--- Dataset extract ---
————

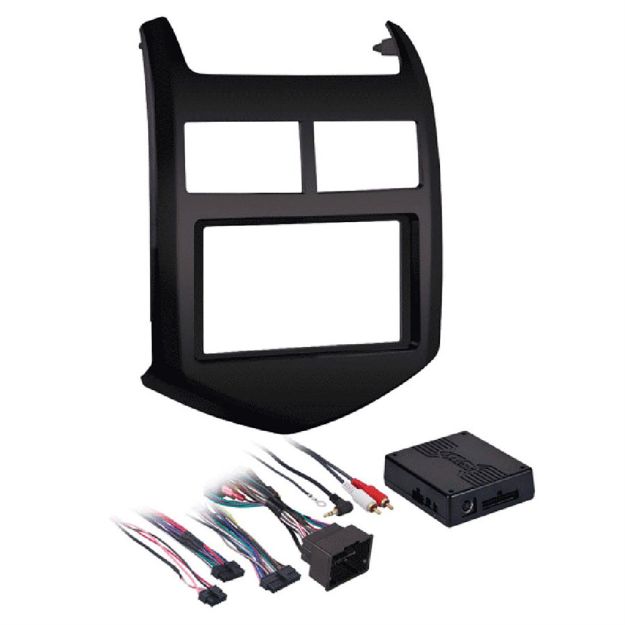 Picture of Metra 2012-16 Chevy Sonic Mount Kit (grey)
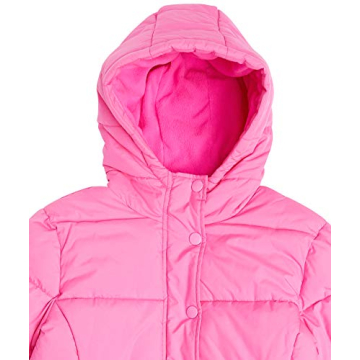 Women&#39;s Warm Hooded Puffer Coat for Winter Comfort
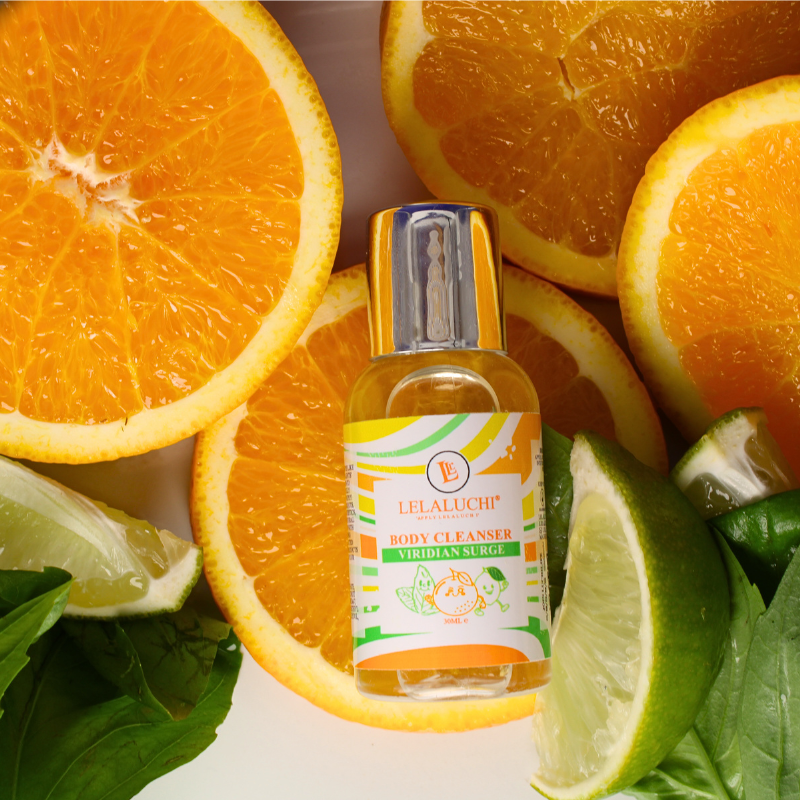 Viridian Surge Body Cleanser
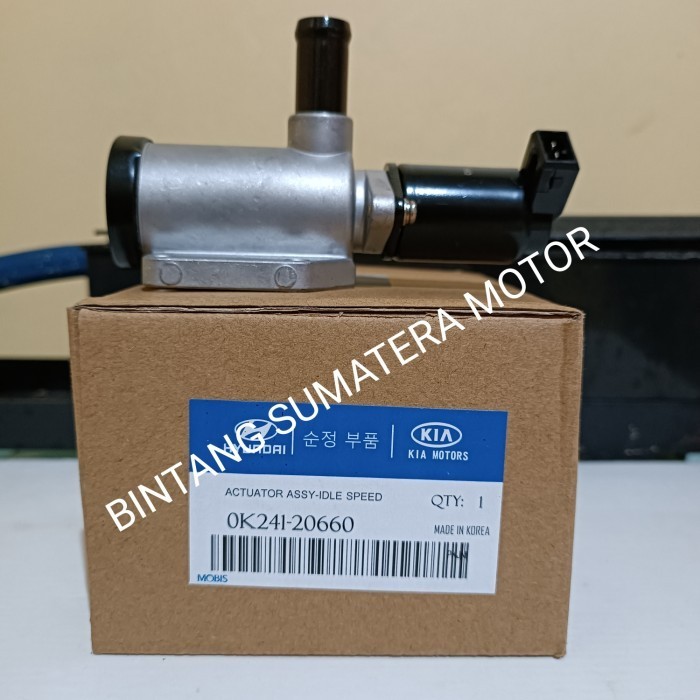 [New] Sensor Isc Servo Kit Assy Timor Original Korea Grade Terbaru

————

--- Exercise details ---
Where a picture appears, skip it and copy the rest of the data word for word.

--- Written answer ---
 Picture of Metra 2012-16 Chevy Sonic Mount Kit (grey)
 Women&#39;s Warm Hooded Puffer Coat for Winter Comfort
 Viridian Surge Body Cleanser
 [New] Sensor Isc Servo Kit Assy Timor Original Korea Grade Terbaru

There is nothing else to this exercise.